Leee explained: “I did all the choruses and then basically the intro I wanted, I didn't want to drum beat on things. So at that time it was analogue tape. Normally nowadays everything has a click track…but I had no click track. So I had one take to get it right.”
Sweet Dreams (Are Made Of This) - Eurythmics
Annie Lennox and Dave Stewart won major props with their new wave single from the 1983 album of the same name - Sweet Dreams (Are Made Of This)
The track became their breakthrough hit worldwide, topping the US Billboard Hot 100 and the charts in Canada and France.
Discussing his adoration for the track, Leee said: “It sends you back into an era I think. There's synthesisers especially in Sweet Dreams, you can hear it, it sends you into the zone. It was its own entity, musically in its own entity. It was synthesised but at the same time it had this sort of androgynous… it had that kind of feeling, so she was like a white Grace Jones. That's how I kind of saw Annie.”
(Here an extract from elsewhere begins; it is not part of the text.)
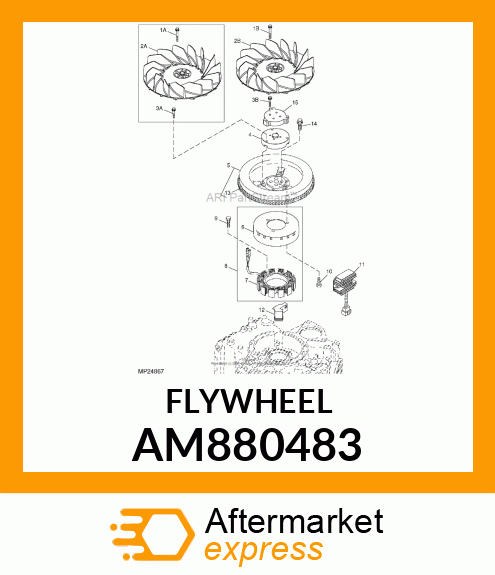 Flywheel AM880483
Slave to the Rhythm - Grace Jones
Speaking of Grace Jones, 1985 R&B anthem Slave to the Rhythm was released in 1985, and became one of her most successful singles, often being considered one of her signature songs.
The track was originally intended for Frankie Goes to Hollywood, but was soon handed over to Jones, who then incorporated eight different versions of the same song on the album of the same name.
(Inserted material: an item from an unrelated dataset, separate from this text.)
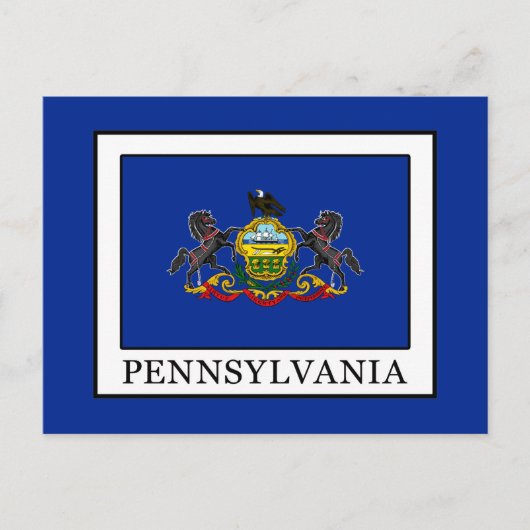 Pennsylvania Postkarte (Vorderseite)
“She's iconic. She truly is,” Leee shared. “I think that she pushed and pulled at the envelope. I say Pull Up to the Bumper, baby. Everything. I mean, Grace is flawless. She can be very real, very down to earth.”
No Ordinary Love - Sade
Haunting hit No Ordinary Love by Sade appeared on the band’s Love Deluxe album in 1992.
It became a huge hit across Europe, reaching high chart positions in Italy, France and the UK.
Speaking of the record No Ordinary Love came from, Leee explained: “I love this album. I played it to death. I think I was in Bali and I played this album on the beach on a rotation. It just took me and I thought, I want to work with the producer of this track, because it's just so good.”
True - Spandau Ballet
New wave giants Spandau Ballet released their seminal hit, True, in 1983. It as written by guitarist and songwriter Gary Kemp, reportedly inspired by his feelings for Altered Images singer Clare Grogan.
It landed at number one in the UK, and became a signature track for the band.
For Leee, True has a rather familiar feel to it, as he explained to Steve: “[Tony] Swain and [Steve] Jolly, my producers, said Spandau Ballet really loved Body Talk and all the Imagination tracks, so they wanted to work with them. What people don't realise is there's certain riffs that everybody does. Every artist does, like Michael would do something or what have you. Mine was always [hushed] “huh, huh, huh, huh, huh,” like that's my riff.
“They wanted to have that kind of sound, you know, because there was that breathiness with it that we had in Body Talk and stuff. So it's cool. I mean, Tony [Hadley] didn't even know. I said, You stole my riff, but we're great!”